# taz.de -- Grundsatzurteil vom Bundesarbeitsgericht: Kündigung wegen Hetze im Chat
       
       > Jobverlust bei Rassismus, Hass und Hetze: Das Bundesarbeitsgericht sieht
       > bei Whatsapp-Gruppen keine besonders hohe Vertraulichkeit.
       
 (IMG) Bild: Wer seinen Chef beleidigen möchte, sollte es eher nicht in der Chat-Gruppe mit Kolleg:innen machen
       
       Berlin taz | [1][Wer in Chatgruppen gegen Kolleg:innen und Vorgesetzte
       hetzt], kann fristlos gekündigt werden. Das entschied das
       Bundesarbeitsgericht (BAG) in einem Grundsatzurteil. In der Regel können
       die Teilnehmer:innen von Chatgruppen nicht darauf vertrauen, dass
       nichts nach außen dringt. Schon seit 2014 haben sich sechs Kollegen bei der
       Fluggesellschaft TUI Fly in einer Chatgruppe ausgetauscht. Oft ging es um
       Fußball, immer wieder auch um Unzulänglichkeiten von Kolleg:innen,
       Betriebsrät:innen und Vorgesetzten.
       
       Ein Feindbild scheint der polnische Geschäftsführer gewesen zu sein.

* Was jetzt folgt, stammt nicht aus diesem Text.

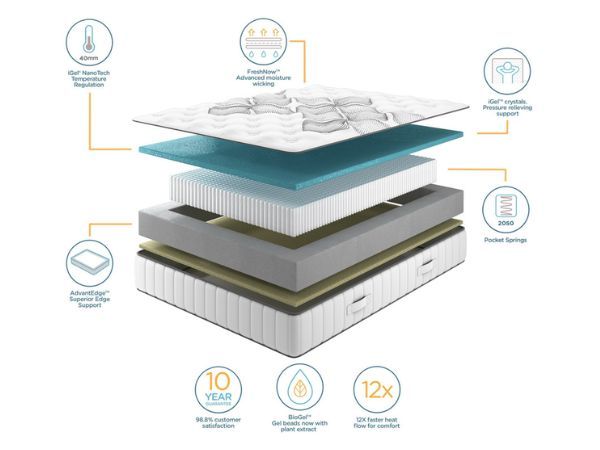 iGel NanoTech 2050i Mattress layers and construction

       Regelmäßig kam es zu Mord- und Vergewaltigungsfantasien. Zitate wie „Unter
       Hitler würde die Welt besser laufen“ zeigen den politischen Hintergrund der
       Chat-Teilnehmer. Die [2][Chat-Inhalte] wurden bekannt, als ein Mitglied
       einem außenstehenden Kollegen eine bestimmte Äußerung zeigte. Dieser nahm
       das Smartphone in die Hand und kopierte den Chatverlauf an seine eigene
       Adresse. Über Umwege kam die ausgedruckte Chatdokumentation zum
       Personalleiter, der die drei übelsten Hetzer nach einer Anhörung fristlos
       kündigte.
       
       Die Betroffenen klagten gegen ihre Kündigung und beriefen sich darauf, dass
       ihre Chats den Betriebsfrieden nicht gestört hätten. Sie hätten auch nie
       vorgehabt, jemand zu ermorden, sondern wollten nur unter Vertrauten ihrem
       Ärger Luft machen. Da sie befreundet seien, hätten sie sich auch darauf
       verlassen können, dass alles in der Chatgruppe bleibe.
       
       Mit dieser Argumentation hatten sie in den ersten beiden Instanzen Erfolg.
       Sowohl das Arbeitsgericht Hannover als auch das Landesarbeitsgericht (LAG)
       Niedersachsen hielten die fristlosen Kündigungen für unwirksam. Es fehle
       der „wichtige Grund“. In Chatgruppen von sechs bis sieben Personen habe die
       freie Entfaltung der Persönlichkeit Vorrang vor dem Ehrschutz von
       Außenstehenden.
       
       ## Chat ist auf Weiterleitung von Nachrichten ausgelegt
       
       Das sah das Bundesarbeitsgericht anders. In der Regel könne bei
       [3][Whatsapp-Gruppen] nicht darauf vertraut werden, dass nichts nach außen
       dringe. Das liege schon an der Technik, die auf die schnelle Weiterleitung
       von Nachrichten ausgelegt ist. Außerdem komme es auf den Inhalt des Chats
       an. Bei beleidigenden und menschenverachtenden Äußerungen über
       Betriebsangehörige ist besonders wenig damit zu rechnen, dass niemand etwas
       weitergibt oder weitererzählt. Dabei müssen die Teilnehmer nicht nur mit
       Reaktionen aus Empörung oder schlechtem Gewissen rechnen, sondern auch mit
       Sensationslust und Zeigefreudigkeit.
       
       Das BAG entschied nun nicht abschließend, sondern verwies den Fall ans LAG
       Niedersachsen zurück. Dort können die drei Mitarbeiter noch einmal
       Argumente vorbringen, warum im Fall ihrer Gruppe doch mit dauerhafter
       Vertraulichkeit zu rechnen war.